East Gippsland has traditionally been a very conservative region. Politicians have cultivated and pandered to this image for decades. But now this poll destroys the myth that they are merely reflecting community attitudes. The clear majority want an end to old growth logging, and a phasing in of plantations for timber needs.

The significance of this poll for all conflict-ridden forested areas in Victoria (and even Australia) is quite staggering. If the conservative National Party stronghold of East Gippsland reckons logging should stop there must be no region in the state which wants their forests destroyed.

The poll was commissioned by CROEG to show once and for all what the local population really thinks about logging. Does the Government and industry propaganda really influence community thought? Do the politicians and media reflect the community, or is there a silent majority cowering behind the “Timber Towns” signs?
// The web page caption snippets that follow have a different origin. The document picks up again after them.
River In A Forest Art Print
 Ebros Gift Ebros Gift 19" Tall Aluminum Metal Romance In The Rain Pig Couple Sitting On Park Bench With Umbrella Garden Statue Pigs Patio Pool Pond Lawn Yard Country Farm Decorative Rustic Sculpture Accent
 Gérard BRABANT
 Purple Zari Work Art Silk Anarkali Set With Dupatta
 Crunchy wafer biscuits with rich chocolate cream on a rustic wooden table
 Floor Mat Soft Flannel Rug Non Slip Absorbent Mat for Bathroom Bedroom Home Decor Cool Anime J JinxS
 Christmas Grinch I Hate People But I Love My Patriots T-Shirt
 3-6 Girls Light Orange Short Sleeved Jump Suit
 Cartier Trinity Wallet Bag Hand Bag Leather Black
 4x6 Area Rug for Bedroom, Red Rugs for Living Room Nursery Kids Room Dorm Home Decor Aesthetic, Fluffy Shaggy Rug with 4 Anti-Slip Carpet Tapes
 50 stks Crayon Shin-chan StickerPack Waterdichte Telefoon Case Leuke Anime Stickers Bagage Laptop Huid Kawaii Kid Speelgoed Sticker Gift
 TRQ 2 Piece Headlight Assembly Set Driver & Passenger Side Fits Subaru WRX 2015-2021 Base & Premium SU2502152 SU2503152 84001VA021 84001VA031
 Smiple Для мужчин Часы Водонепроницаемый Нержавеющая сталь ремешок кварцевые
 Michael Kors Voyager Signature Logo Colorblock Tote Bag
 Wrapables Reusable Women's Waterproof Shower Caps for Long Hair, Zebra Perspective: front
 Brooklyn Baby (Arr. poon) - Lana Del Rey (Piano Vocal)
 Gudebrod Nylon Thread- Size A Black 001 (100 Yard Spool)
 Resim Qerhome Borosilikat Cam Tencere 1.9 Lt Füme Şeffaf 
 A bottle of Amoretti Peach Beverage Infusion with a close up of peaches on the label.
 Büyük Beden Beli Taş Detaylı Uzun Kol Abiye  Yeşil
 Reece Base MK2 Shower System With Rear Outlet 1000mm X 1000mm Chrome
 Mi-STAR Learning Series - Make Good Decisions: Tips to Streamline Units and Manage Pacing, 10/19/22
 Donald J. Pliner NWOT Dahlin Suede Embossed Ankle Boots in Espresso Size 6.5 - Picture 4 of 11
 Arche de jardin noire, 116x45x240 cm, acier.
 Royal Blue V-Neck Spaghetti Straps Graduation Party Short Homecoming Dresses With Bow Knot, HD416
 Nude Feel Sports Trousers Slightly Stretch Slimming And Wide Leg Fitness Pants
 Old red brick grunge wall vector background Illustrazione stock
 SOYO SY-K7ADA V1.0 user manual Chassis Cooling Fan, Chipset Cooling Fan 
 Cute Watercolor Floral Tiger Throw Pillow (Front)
Now consider that before this poll the industry and government had blitzed the local media with their anti-conservationist propaganda and anonymous letters. Large ads showed caring foresters out in the trees with their clip boards. In keeping with that pro-logging trend, this poll only rated the slimmest mention in the local media after it was released.

Also one in four interviewees were over 65 – so if anything this was a very conservative result. The questions were designed to be totally neutral. It cost us $7,000 so wasn’t a cheap two bob job. The method of questioning was as credible and squeaky clean as they come. The result? Registered voters in East Gippslanders want change!
Poll Details:

    Poll commissioned by CROEG on 21st April 2002 .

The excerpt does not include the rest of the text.